Honeywell Could Reach $70 By 2013

Honeywell (HON, Financial) is broken into four main segments: aerospace, automation and control solutions, specialty materials, and transport systems. These segments make up 32%, 41%, 14% and 13% of revenues respectively. It is also a very global company with over half of sales coming from products sold outside the U.S. This is excellent given the current state of the global economy. Honeywell isn't too tied to any one economy or company so the various geographies should be able to make up for any decreases in others, at least in the short term.


Honeywell's market cap of $46.8 billion puts it behind competitorUnited Technologies (UTX, Financial) with a market cap of $77.7 billion, but ahead of Rockwell Collins (COL, Financial) at $8.59 billion and Goodrich (GR, Financial) at $15.9 billion. United Technologies is actually preparing to acquire Goodrich to help focus its efforts. To help fund the purchase United Technology is off loading its rocket engine making company. It realized that this is a losing effort with the space program's budget being drastically cut.


Prior to this merger United Technologies needed to purchase many of the systems and products that it will now have in-house with the purchase of Goodrich. Unfortunately for Honeywell, this is a loss of potential revenue for those types of systems. In addition, it allows United Technologies to offer more complete packages to its customers. It should help lower prices and make them a better option as customers are looking for reliable equipment for a good price. Honeywell is also competing against United Technologies's Pratt and Whitney in the manufacture of aircraft engines.


Rockwell Collins doesn't do aircraft engines, but it still makes many of the other systems that Honeywell does. According to several news releases on Rockwell's website it is winning contracts in China and other countries in that part of the world. Honeywell has a few contracts mentioned on its site in China and the Middle East, but not nearly as many as Rockwell. Honeywell does have one that talks up its system that is used on the Boeing 787, however. The only problem with that is that Boeing (BA, Financial) is investing so much time trying to get the 787 to market, some are wondering how many more times delivery will be delayed.


Rockwell is actively pursuing revenue growth outside of America.

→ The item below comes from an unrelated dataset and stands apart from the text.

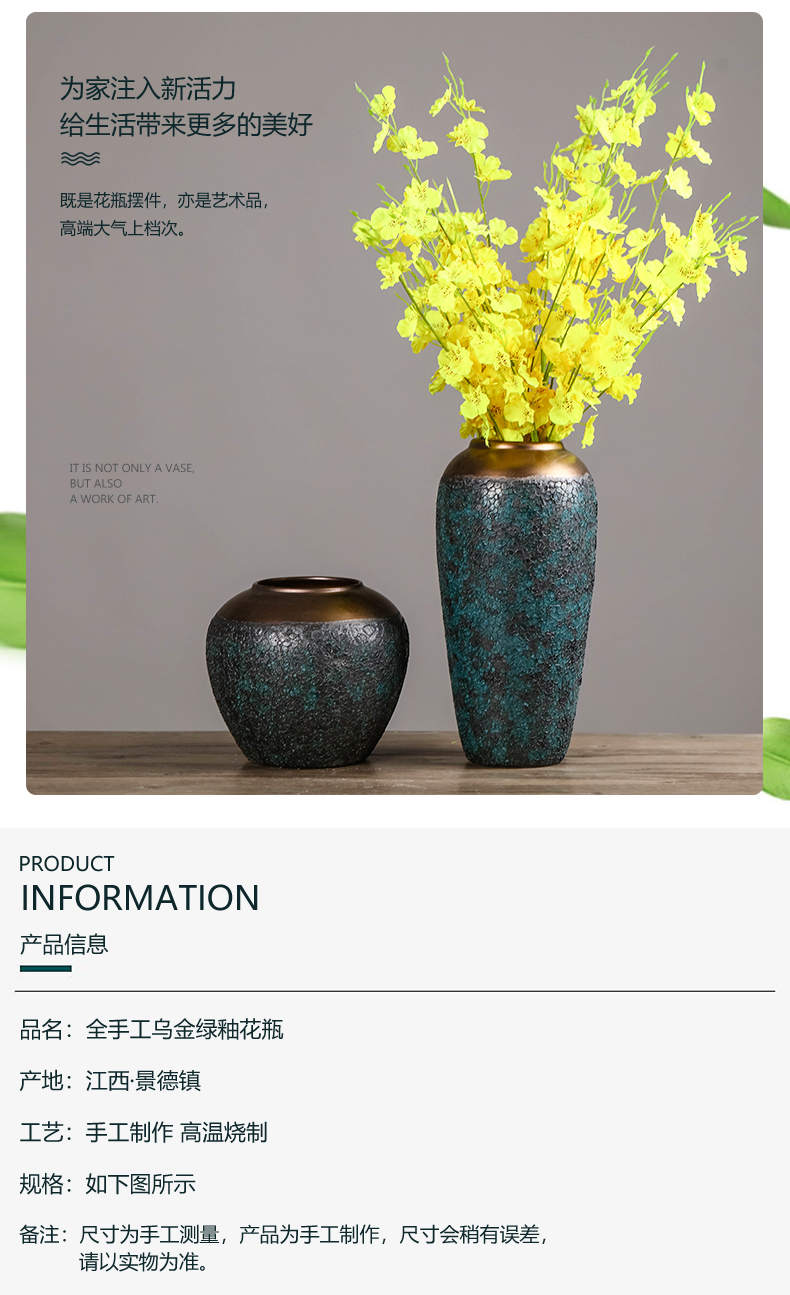 Jingdezhen ceramics coarse pottery dried flower vase furnishing articles of modern Chinese style restoring ancient ways the sitting room TV ark adornment arranging flowers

It is taking advantage of companies not able to afford new fleets but needing to upgrade older technologies and targeting those companies. Rockwell is also more focused on aero systems support while Honeywell is a more diversified company. Honeywell may need to take a lesson from United Technologies and decide what businesses are at its core and sell off ones that aren't helping it be successful. For example, as mentioned above, the transportation systems segment is only 13% of revenues. It already sold off some of the segment but I think it needs to keep going and sell the rest, and then use that money to buy a smaller company to further its aerospace business, or invest it in organic growth.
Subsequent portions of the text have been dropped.